Attorneys and their paralegals face a double-edged sword when it comes to the accuracy of police reports. Clearly, all those living in a community protected by police want safer streets, less crime, and a careful, humane, and aggressive police department to look after them. Yet, personal injury attorneys and criminal defense specialists make their livings reading, interpreting, and analyzing police reports for their clients. And they aren't reading these reports because they particularly enjoy them, but because they are looking for mistakes and errors of commission or omission that will help their clients and thereby earn their fees.
Few attorneys truly enjoy attacking police reports for errors, but it comes with the territory. The nature of practicing certain types of law calls for a careful examination of these official documents because, in many cases, they offer the only description of what actually happened at an accident scene, in a crime case, or at an arrest scene.
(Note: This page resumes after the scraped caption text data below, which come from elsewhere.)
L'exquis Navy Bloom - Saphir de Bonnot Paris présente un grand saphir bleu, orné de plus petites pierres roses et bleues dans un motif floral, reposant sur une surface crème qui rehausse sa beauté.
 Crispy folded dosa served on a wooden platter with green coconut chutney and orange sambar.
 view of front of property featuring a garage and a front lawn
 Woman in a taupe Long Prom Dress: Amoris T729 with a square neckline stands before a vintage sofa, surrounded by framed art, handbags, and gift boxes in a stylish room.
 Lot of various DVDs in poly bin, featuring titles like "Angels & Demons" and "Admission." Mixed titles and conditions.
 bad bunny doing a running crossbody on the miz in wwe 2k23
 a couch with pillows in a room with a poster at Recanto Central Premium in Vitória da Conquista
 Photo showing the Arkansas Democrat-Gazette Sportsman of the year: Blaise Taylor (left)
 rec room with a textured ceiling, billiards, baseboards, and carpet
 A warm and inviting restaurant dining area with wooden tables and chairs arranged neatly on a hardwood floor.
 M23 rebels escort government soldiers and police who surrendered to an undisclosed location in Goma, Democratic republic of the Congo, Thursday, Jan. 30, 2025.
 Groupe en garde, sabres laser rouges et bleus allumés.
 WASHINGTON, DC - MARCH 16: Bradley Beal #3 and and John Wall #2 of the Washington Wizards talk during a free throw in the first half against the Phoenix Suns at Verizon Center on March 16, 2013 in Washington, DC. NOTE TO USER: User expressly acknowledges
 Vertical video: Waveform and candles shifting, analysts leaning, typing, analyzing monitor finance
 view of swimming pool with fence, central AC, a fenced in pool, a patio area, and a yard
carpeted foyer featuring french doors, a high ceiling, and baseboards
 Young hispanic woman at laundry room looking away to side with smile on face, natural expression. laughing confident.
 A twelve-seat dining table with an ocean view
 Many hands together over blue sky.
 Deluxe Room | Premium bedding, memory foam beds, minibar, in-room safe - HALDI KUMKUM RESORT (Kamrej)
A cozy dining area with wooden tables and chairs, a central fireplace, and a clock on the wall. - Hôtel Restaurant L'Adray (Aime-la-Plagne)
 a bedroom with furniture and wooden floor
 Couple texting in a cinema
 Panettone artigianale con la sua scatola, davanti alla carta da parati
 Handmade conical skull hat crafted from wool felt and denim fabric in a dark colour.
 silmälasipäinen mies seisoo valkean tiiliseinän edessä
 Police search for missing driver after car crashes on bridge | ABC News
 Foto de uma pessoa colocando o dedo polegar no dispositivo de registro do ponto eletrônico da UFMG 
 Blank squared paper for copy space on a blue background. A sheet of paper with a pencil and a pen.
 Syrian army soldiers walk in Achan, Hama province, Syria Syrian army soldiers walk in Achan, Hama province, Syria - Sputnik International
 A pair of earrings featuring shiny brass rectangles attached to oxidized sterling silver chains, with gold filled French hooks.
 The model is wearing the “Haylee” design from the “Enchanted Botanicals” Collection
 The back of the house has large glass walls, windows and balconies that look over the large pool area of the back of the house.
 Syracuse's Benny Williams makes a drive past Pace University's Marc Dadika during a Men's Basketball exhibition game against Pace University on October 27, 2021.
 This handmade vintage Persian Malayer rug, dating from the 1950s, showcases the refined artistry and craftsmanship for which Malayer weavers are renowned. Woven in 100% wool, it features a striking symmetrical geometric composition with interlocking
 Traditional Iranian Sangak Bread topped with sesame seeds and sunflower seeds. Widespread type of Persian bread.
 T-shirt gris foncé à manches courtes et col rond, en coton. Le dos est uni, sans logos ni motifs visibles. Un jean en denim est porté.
Personal injury auto accident attorneys look for mistakes relating to the officer's examination of the accident scene; his or her opinion of the primary cause; errors made about the physical evidence; incorrect witness statements; errors concerning related factors like the sobriety of the drivers, witnesses, or passengers; the position, location, and veracity of the witnesses; mistakes made in the scale diagram, etc.
Criminal defense attorneys read police arrest reports with an equally careful eye, looking for: points of error relating to probable cause; illegal search and seizure; illegal interrogations; damaged or illegally obtained evidence; and any other supposed flaw in the officer's arrest procedure in relation to a point of law that could offer a chance of acquittal for their clients. This careful scrutiny is just part of the job of being a lawyer. It is an exacting, important task often entrusted to a careful, thorough paralegal.
Getting Police Reports
Rare is the client who brings his or her police report to the initial attorneys' meeting. Most clients have no idea how to get a police report or, in some startling cases, even how to find the police station. A prospective client may also have no access to his or her police report because of time delays at the police agency. In many law enforcement departments, reports written on the day of the accident or arrest may not reach the Records Division for several days and won't be available to the participants until seven to 10 working days later, and then only between certain working hours on specified days of the week.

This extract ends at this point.